I’m guessing by the effort we’ve all put into tonight that my roommates haven’t had many chances to go out this summer either. Shama and Jamie visited each other a few times, since they only live a few towns from each other in Jersey, but Quinn spent most of the summer taking an MCAT prep course in Boston. Everyone has on their finest “come fuck me” gear—short skirts, high heels, and we spent the last hour and a half doing and redoing each other’s makeup.
Shama’s boyfriend, Jason, is DJing, although for the first time, she doesn’t immediately say hi to him. Normally she’d want to take advantage of the fact that the elevated DJ booth blocks on the dance floor from seeing anything below the waist. Instead, she takes a seat on the barstool next to me and sends covert glances his way.
“What gives?” I ask nodding to where Jason is watching her from the booth.
She glares at him, then turns to me. “Oh. That.” She shakes her head. “I found an email from an old girlfriend on his computer last night. Asking him to hook up.”
I suck in a breath. “You don’t think they...”
&
nbsp; Shama gives a small shrug that just about breaks my heart. “I don’t know. We barely got to see each other this summer. I came into the city a few times, but he was working so much he couldn’t even get out to Jersey.”
I frown at Jason, who is now bent over his turntables. This isn’t good. Our yearly schedules are one of the things that sometimes gets in the way of dating people who aren’t also students. I get that Jason works a lot, like most people trying to make a living in this expensive city, but not visiting his girlfriend once in three months? That’s messed up.
“I don’t want to talk about it,” Shama says as we turn around to the bar. “I just want to drink. Have a couple of guys buy me drinks. Make him jealous so I can yell at him or have makeup sex or whatever ends up happening later.”

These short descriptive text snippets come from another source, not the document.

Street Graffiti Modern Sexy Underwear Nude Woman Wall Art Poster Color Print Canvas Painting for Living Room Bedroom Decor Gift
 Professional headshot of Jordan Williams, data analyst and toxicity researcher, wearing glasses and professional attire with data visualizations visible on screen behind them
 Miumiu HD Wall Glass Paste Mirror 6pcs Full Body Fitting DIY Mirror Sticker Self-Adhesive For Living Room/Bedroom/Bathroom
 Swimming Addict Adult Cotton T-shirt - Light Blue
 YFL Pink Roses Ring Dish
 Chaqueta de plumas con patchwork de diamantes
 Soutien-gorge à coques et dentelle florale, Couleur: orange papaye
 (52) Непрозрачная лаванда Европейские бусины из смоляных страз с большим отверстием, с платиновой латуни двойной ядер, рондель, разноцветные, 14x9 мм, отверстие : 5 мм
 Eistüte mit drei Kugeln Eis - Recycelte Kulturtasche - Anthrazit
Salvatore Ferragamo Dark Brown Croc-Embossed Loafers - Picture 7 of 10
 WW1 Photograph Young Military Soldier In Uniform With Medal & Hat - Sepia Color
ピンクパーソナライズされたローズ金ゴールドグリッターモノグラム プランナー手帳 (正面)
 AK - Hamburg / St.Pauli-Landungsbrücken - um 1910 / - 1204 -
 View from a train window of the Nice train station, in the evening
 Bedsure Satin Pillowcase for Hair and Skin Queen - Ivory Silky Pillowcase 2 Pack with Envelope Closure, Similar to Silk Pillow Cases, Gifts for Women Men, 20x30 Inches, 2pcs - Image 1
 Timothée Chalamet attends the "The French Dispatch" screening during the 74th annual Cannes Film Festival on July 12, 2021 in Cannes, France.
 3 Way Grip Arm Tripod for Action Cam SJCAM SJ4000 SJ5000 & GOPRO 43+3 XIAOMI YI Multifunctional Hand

The four of us order a round of cheap shots, then another, and it doesn’t take long for the room to start spinning. And while the alcohol quiets the ache that seems to throb inside me no matter what, it also makes me really, really...horny. Um, yeah. I said it.
It’s been more than three freaking months since I’ve had sex. And the side effect of making out with Nico on the beach is that it awakened a beast inside me. A beast that really, really needs to be fed.
“That one,” I whisper to Shama, who, after nearly two hours of intermittent dancing and drinking, is the only one of our foursome left sitting with me at the bar. Quinn has cozied up with a business grad student in the corner, and Jamie has disappeared to find her new boyfriend, Dev.
Shama follows my gaze across the bar. “Who?”
Before I can say anything, Quinn and Jamie reappear with their companions. Quinn pops up on the stool next to me while the business student waves over a bartender.
“Who’s that guy?” Quinn asks, her voice slightly slurred.
“Who?” Jamie giggles as Dev suddenly becomes very interested in touching her neck.
Quinn nods over my shoulder. “The guy across the room. The one who looks like Antonio Banderas with glasses. He’s staring at you, babe. Do you know him?”